Really we've had a backlash. And what this is, you know, what the press does with education is it's a pendulum swing around optimism, pessimism. And what we tend to do is we build people up and then we tear them down. Inverse hero's journey, a la you know, Sal Khan or you know, alpha School or my own experience with old school.
So I think coming back to like where we are in this cycle, the like establishing what does efficacy look like and establishing measures that go beyond this brute good, bad bifurcation, I think is really challenging. One other thing that we had in our news that I just want to connect the dots on is really around school choice and the political play out on that.
So basically if you're in these camps that say all school bad, all screen, bad ed, tech bad, there's a big movement towards school choice as this appealing opportunity to put the power in the hands of. Parents and this week what we're seeing, uh, basically Texas just closed their ESA registration window, and it's the most successful ESA launch in the history of states.
Well over a hundred thousand people, 150,000 people signed up for ESAs. We saw Alpha School was one of the big winners on that with online homeschool options that they offered. And a number of people are, are using those vouchers just to attend the same school that they were already attending, but many are making switches.
But the most interesting story I saw was the backlash in Idaho. Where all of these ESA policies are also decimating rural schools. Because you, in rural schools, your critical mass is already dwindling because of population loss. Now, ESAs are accelerating that population loss, and so the ability to offer free public schools in person is becoming endangered because of these exact policies.
I'm curious, you know, you live in Providence now live for a long time in Boston, so these are areas where they haven't really unleashed the ESA Boogeyman, but I'm curious how you see this all playing out and what actually is the long-term policy point where this lands do you think?
[00:30:24] Steve Shapiro: It's crazy.

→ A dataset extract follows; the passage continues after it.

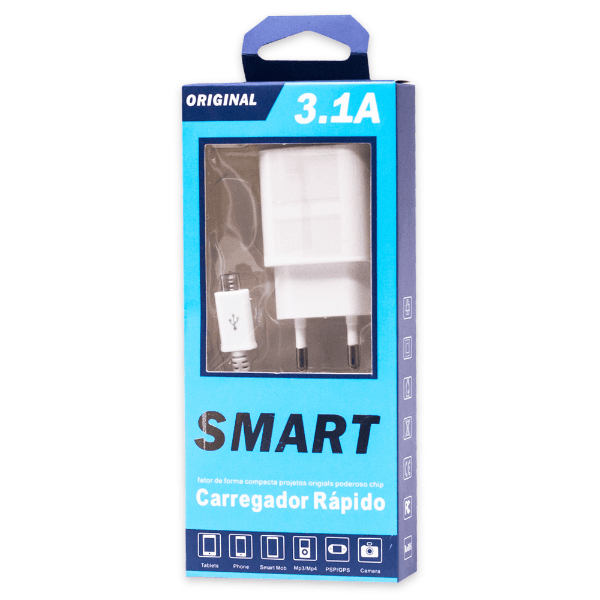 Carregador de Parede Original 3.1A com Cabo Micro-USB + 1 Porta USB-A - Branco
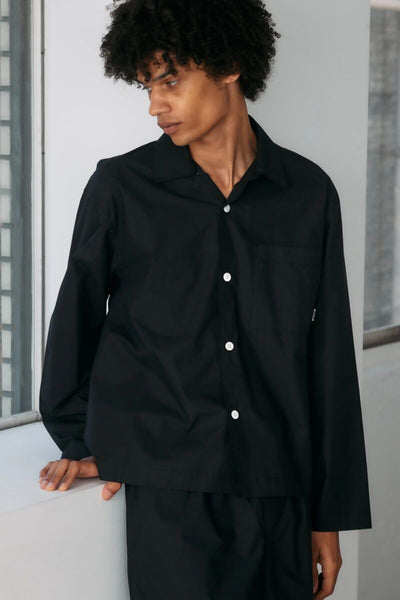 Long Sleeve Silk Shirt 【Black】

I mean, you, you've been involved in the charter movement for a while and you know that like this is about funds and you know, this is about government funds, which are generated by tax dollars and then redeploy and how we redeploy them.
Right. And it's hard to argue against some of the recent success, like you just mentioned in Texas, around these new policies around choice. Right now we live in a world where this country is controlled by the Republican party. It's, it's a Republican, it's been in their bag of policies for a long time.
They have the power right now. So I think you're actually gonna see more of it over this next three years or so. Met in Idaho soup last year at I-A-S-U-G-S-V to talk about my product and he basically was already like the canary in the coal mine about it to me when I talked to him. And I think that like we have to rethink about rural.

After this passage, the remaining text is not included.